In my sometimes  humble opinion, the combination of Butterfield's tone and intensity, and that amazing vibrato, are what separates him from most any harp player I can think of. And, as I have said here many times, Better Days says it all. I never get tired of listening to that album. Next to that, I'd probably put the Woodstock album.  I didn't care for East-West and much of his later stuff. 
  Maybe Howling Wolf is the only other player I think that could get that intense feel, but he wasn't known primarily as a harp player. 

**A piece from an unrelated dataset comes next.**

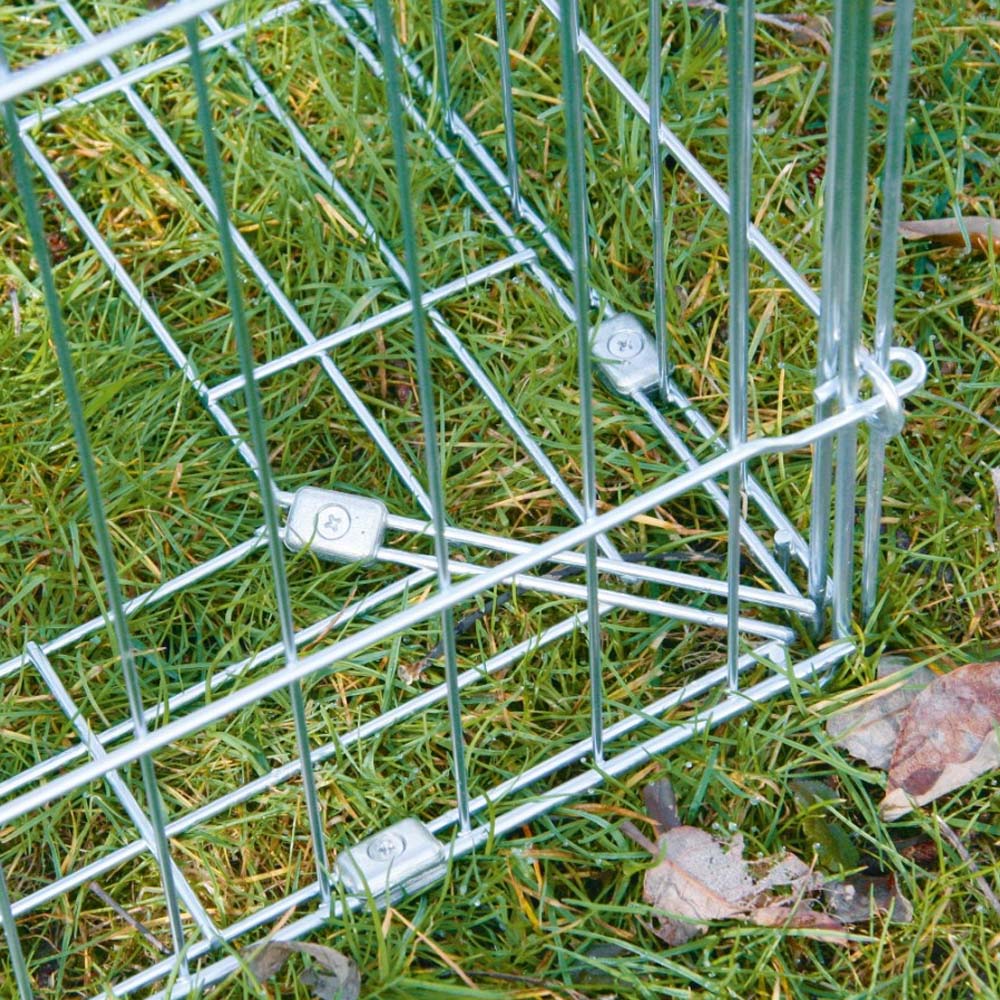 Recinto da esterno con barriera anti-fuga con 2 porte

  Nothing wrong with not liking Butter's playing. Not everybody likes scotch,either, but a person can develop a taste :)
Steve Webb in Minnesota

---- "John F. Potts" <hvyj@xxxxxxx> wrote: 
> EV 630 writes to Tom Ellis:
> 
> Regards your quote below... A lot of harp players have said or had it  
> said
> about them that the harp mimics a human voice in terms of  
> expressiveness and
> communication of emotion. It's a pretty bold and I would think  
> controversial
> statement to say that you haven't heard ANY harp player since  
> Butterfield
> "communicate true feeling with his playing". You can't possibly mean  
> that in
> a truly objective sense?
> 
> I'm enjoying this analysis of Butterfield, and in that context I am  
> asking
> this seriously.
> 
> Drew,
> 
> I can't speak for Tom Ellis, but players like Wilson, Estrin and  
> Piazza interpret a defined style that was developed and established  
> by well known ODBGs.  They show amazing technical command of the  
> instrument, great musicality, and even some new interpretations and  
> variations of this style. But they are largely derivative, imitating,  
> adopting, expanding upon and  COMMUNICATING IN a well known and well  
> established style.  So a lot of what they do is very similar to stuff  
> that others have played before.  Extremely well done, but  
> artistically it's mostly an exploration and expansion of something  
> we've heard before and have learned to expect and appreciate.  On an  
> emotional level, they don't tell me very much that someone else  
> hasn't already said.
> 
> Butterfield played in a style uniquely his own.  He did not imitate.   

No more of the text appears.